What is required - Your copy should repeat the data that follows exactly and contain no image.

Information shown -
____________

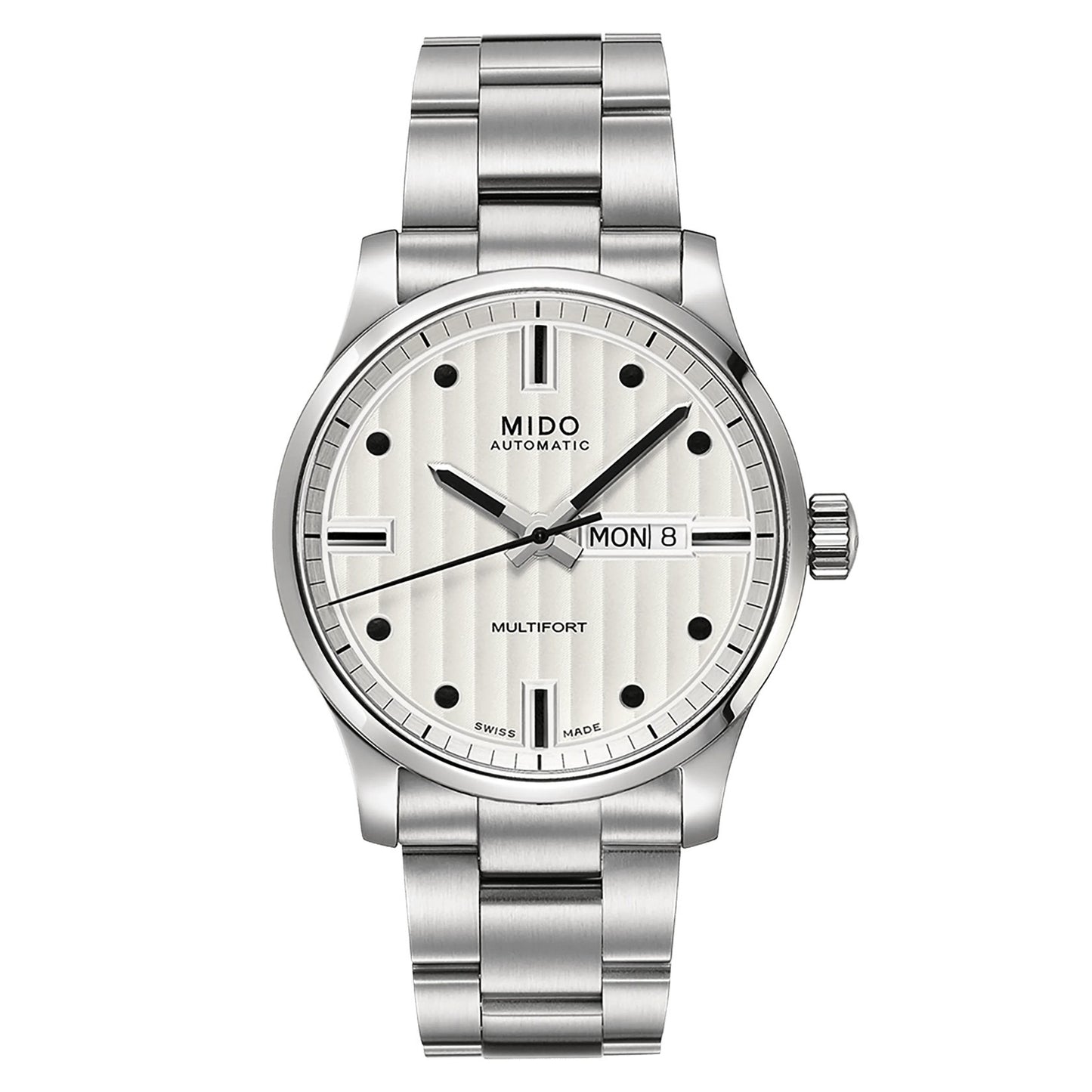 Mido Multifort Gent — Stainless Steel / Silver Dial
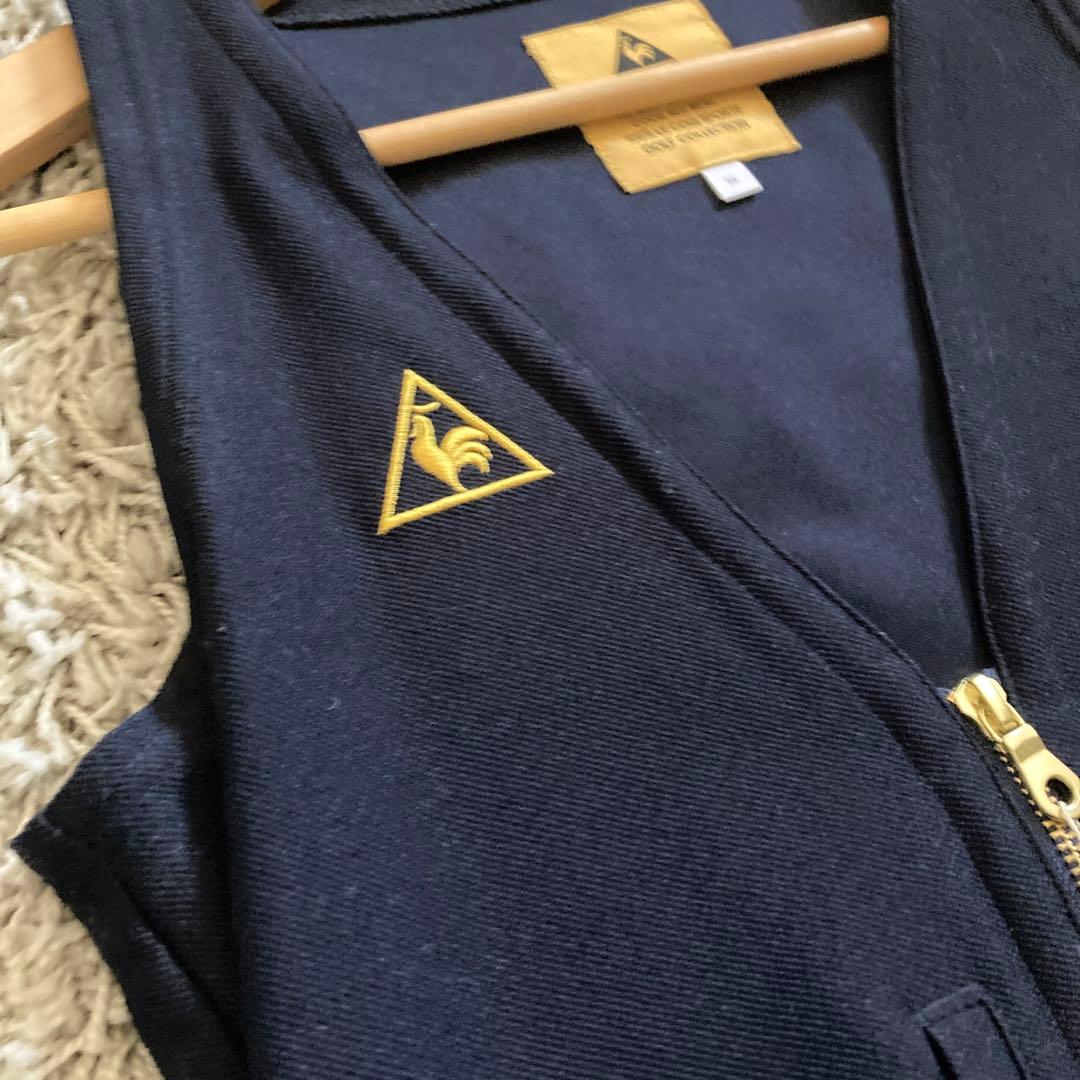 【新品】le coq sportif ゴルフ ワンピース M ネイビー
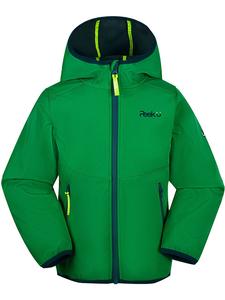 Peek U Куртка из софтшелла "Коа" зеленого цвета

____________

Solution for this exercise -
 Mido Multifort Gent — Stainless Steel / Silver Dial
 【新品】le coq sportif ゴルフ ワンピース M ネイビー
 Peek U Куртка из софтшелла "Коа" зеленого цвета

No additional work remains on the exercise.